++++ SUPPLIED INFORMATION

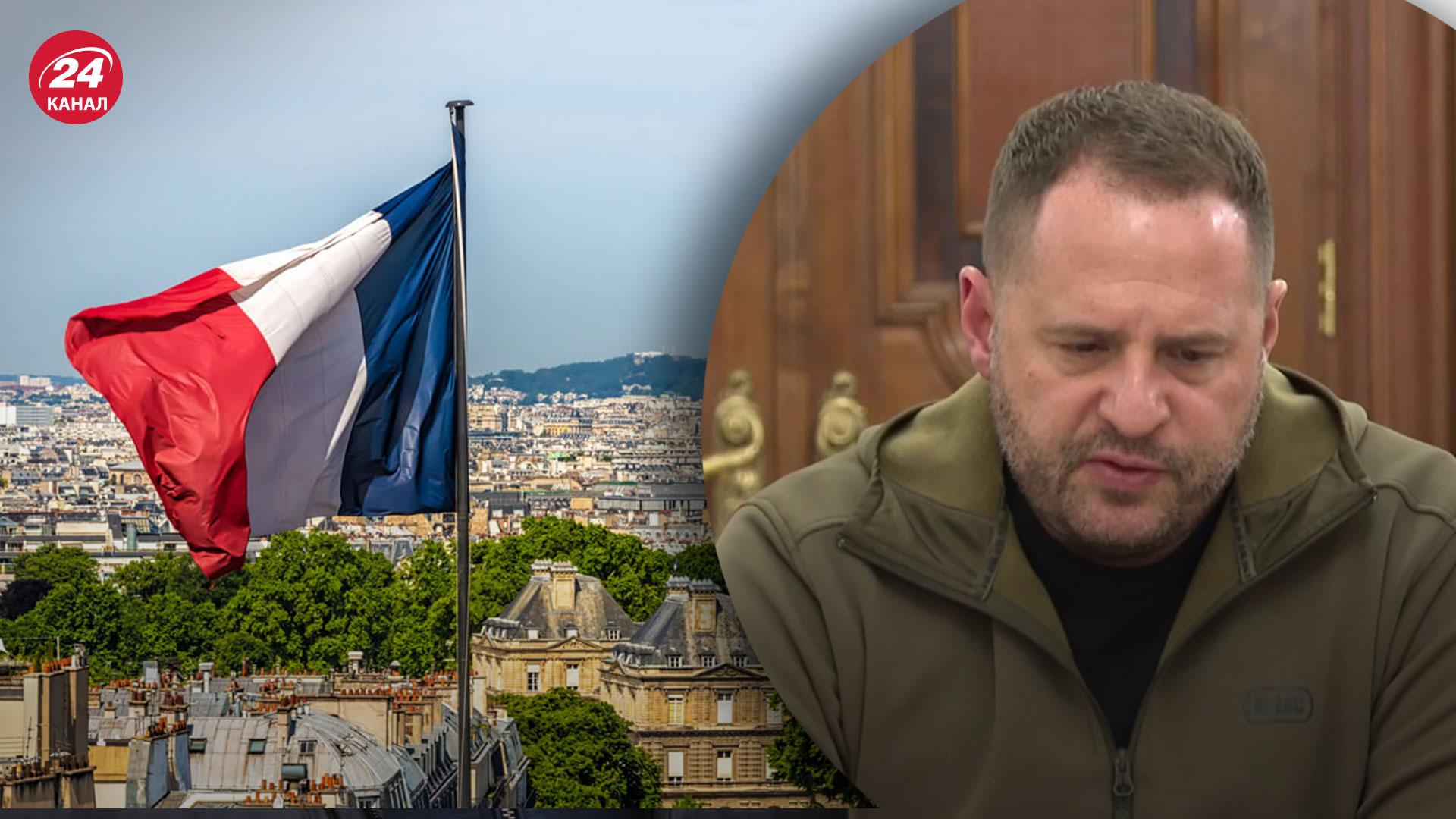 Украине нужно больше антироссийских санкций, – Ермак пообщался с французским журналистом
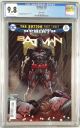 BATMAN 22 (2016) A NON-LENTICULAR COVER CGC 9.8 The Button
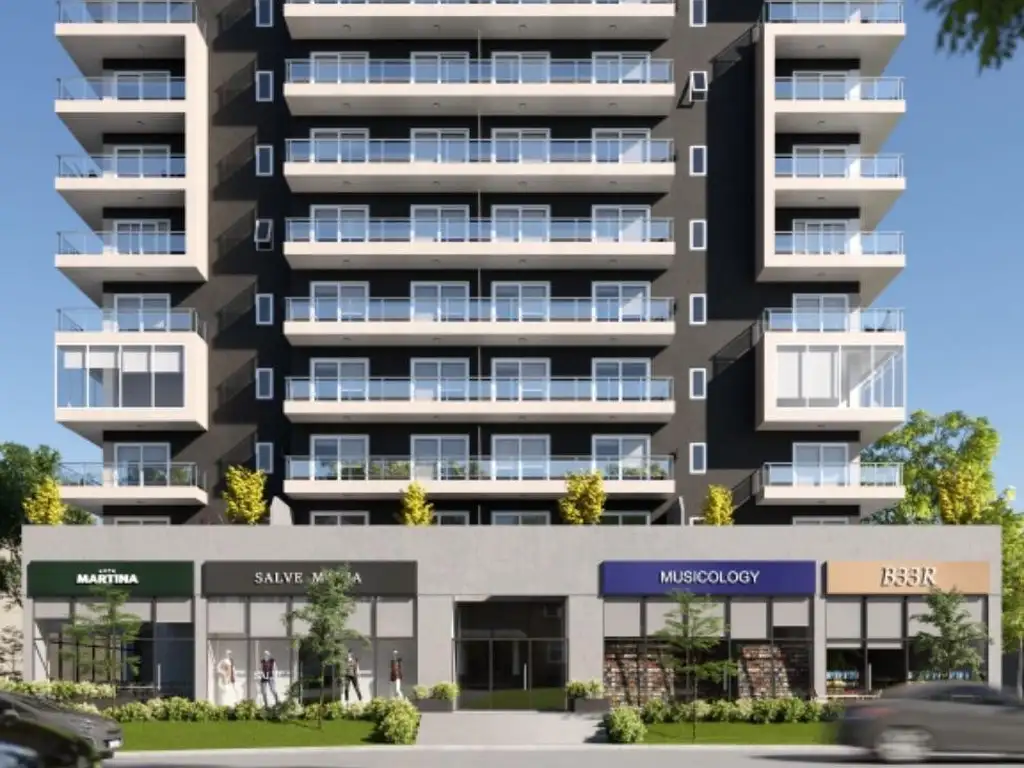 Edificio CENIT de 1 Dormitorios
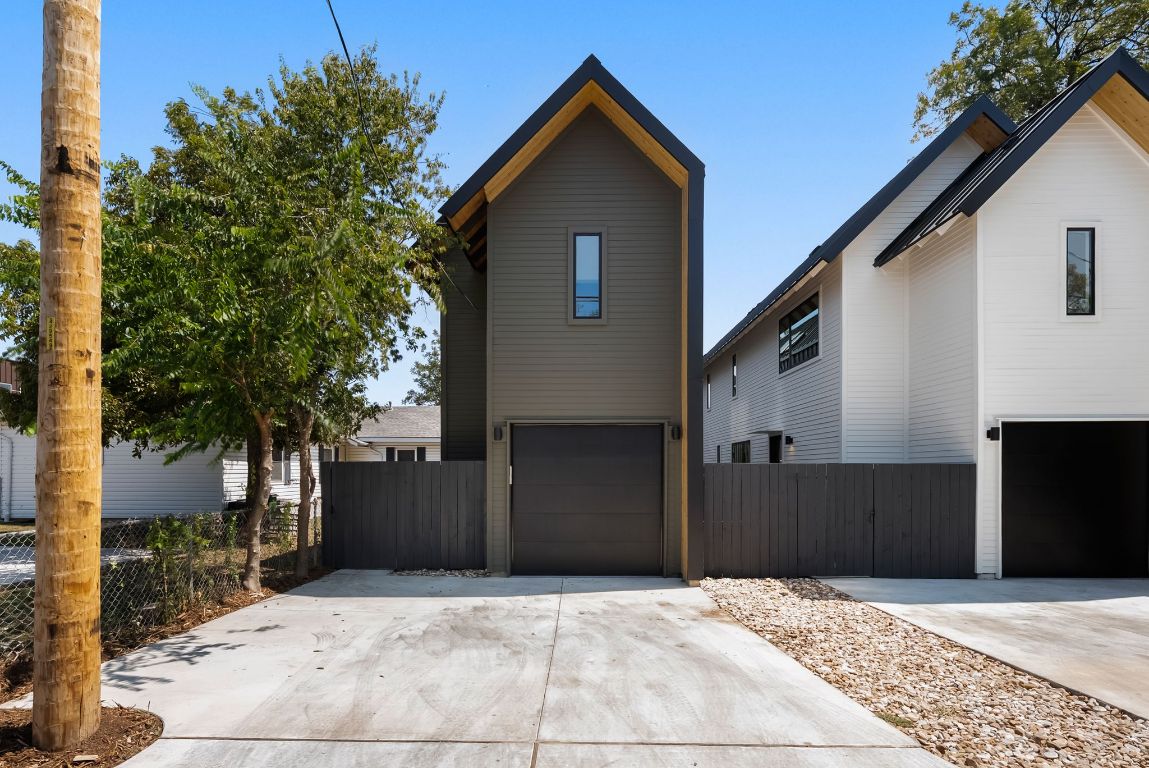 5212 Evans Avenue Austin, TX 78751 - Photo 32 of 34 a front view of a house with a yard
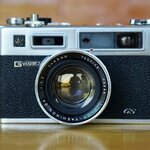 YASHICA ELECTRO 35 GS COLOR YASHINON-DX 45MM.1.7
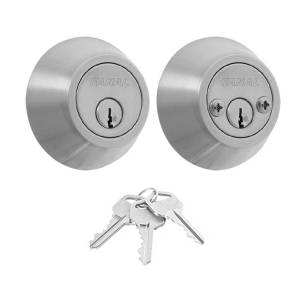 [90480-003] Cerrojo llave/llave/llave tradicional acero inoxidable Annecy Fanal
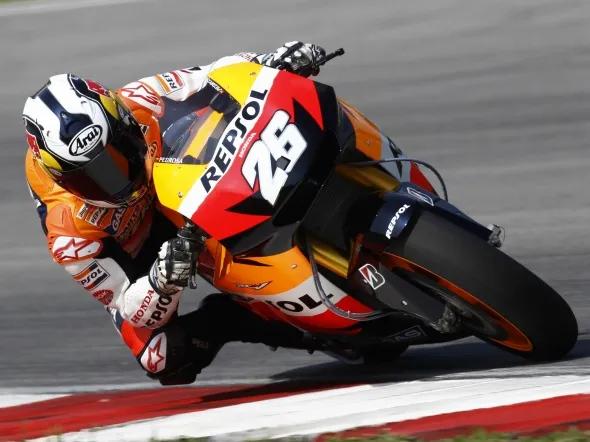 danipedrosa 26 test sepang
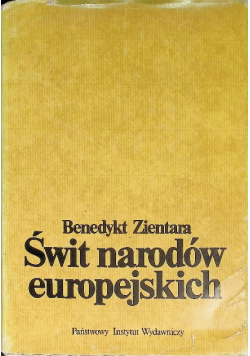Świt narodów europejskich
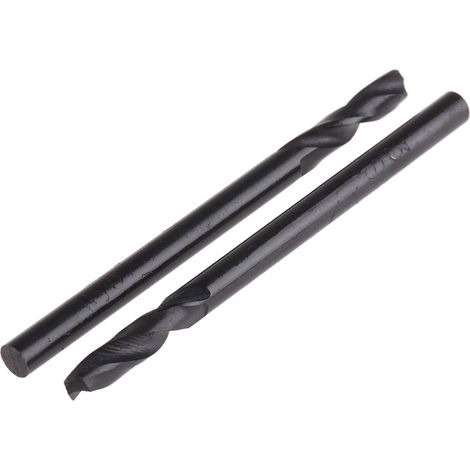 Foret HSS RS PRO Foret torsadé 3mm x 46 mm ( Prix pour Boîte de 10 )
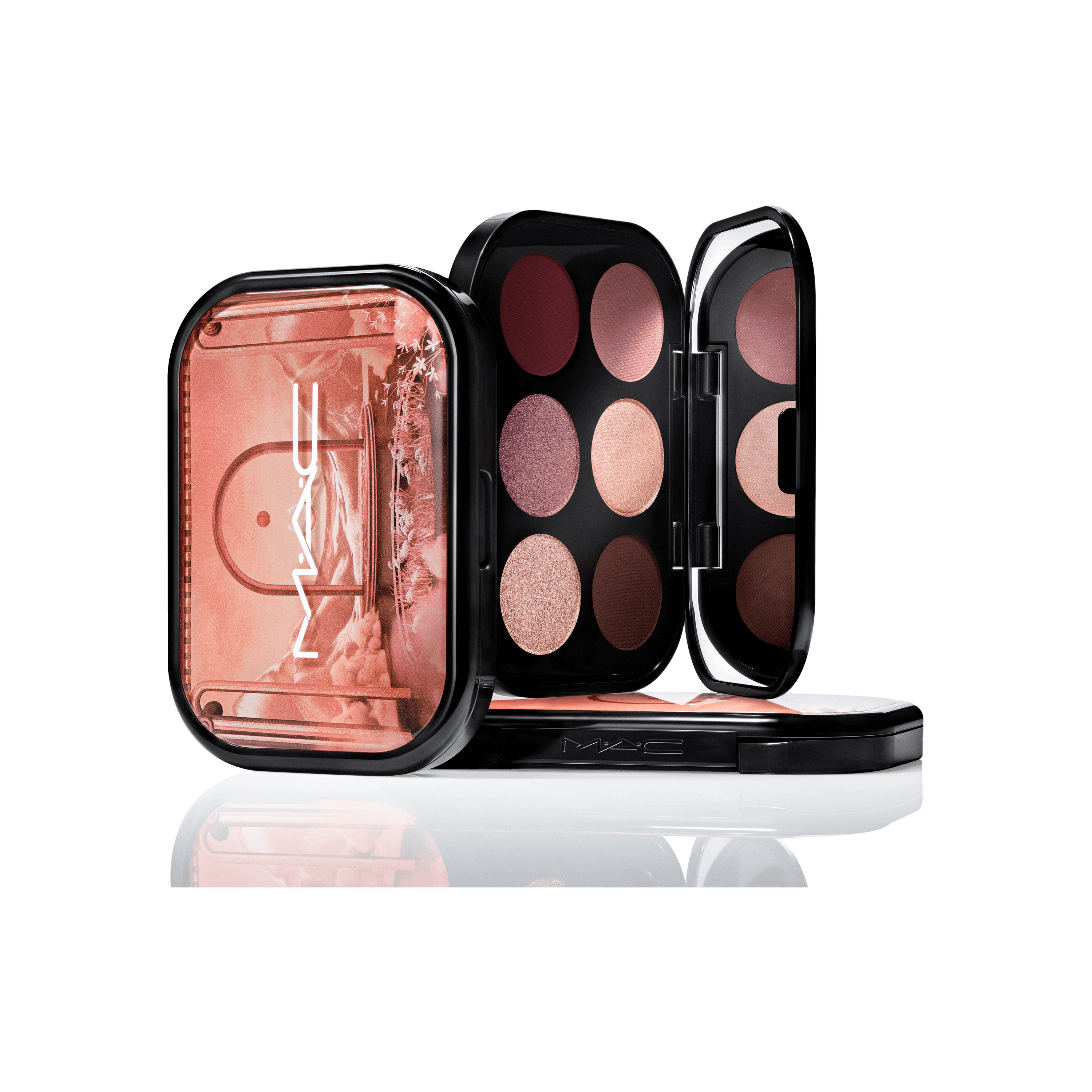 Connect In Colour Eye Shadow Palette: Embedded in Burgundy - Everyday Essential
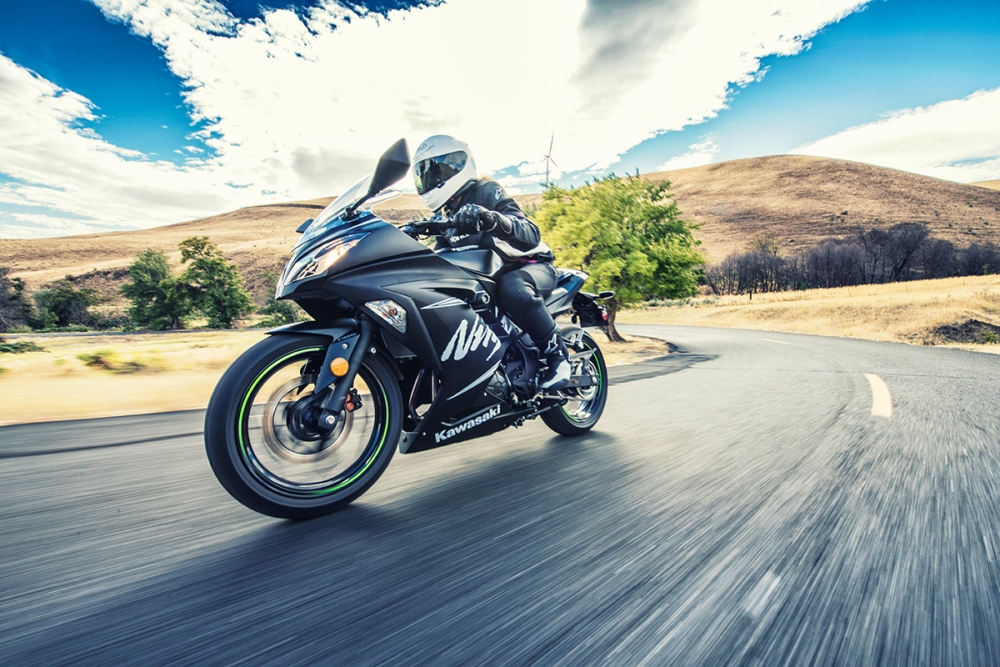 Ninja 300 ABS Winter Test Edition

++++++++

INSTRUCTIONS TO FOLLOW: Print the data again, word for word, without any pictures.

TASK ANSWER:
 Украине нужно больше антироссийских санкций, – Ермак пообщался с французским журналистом
 BATMAN 22 (2016) A NON-LENTICULAR COVER CGC 9.8 The Button
 Edificio CENIT de 1 Dormitorios
 5212 Evans Avenue Austin, TX 78751 - Photo 32 of 34 a front view of a house with a yard
 YASHICA ELECTRO 35 GS COLOR YASHINON-DX 45MM.1.7
 [90480-003] Cerrojo llave/llave/llave tradicional acero inoxidable Annecy Fanal
 danipedrosa 26 test sepang
Świt narodów europejskich
 Foret HSS RS PRO Foret torsadé 3mm x 46 mm ( Prix pour Boîte de 10 )
 Connect In Colour Eye Shadow Palette: Embedded in Burgundy - Everyday Essential
 Ninja 300 ABS Winter Test Edition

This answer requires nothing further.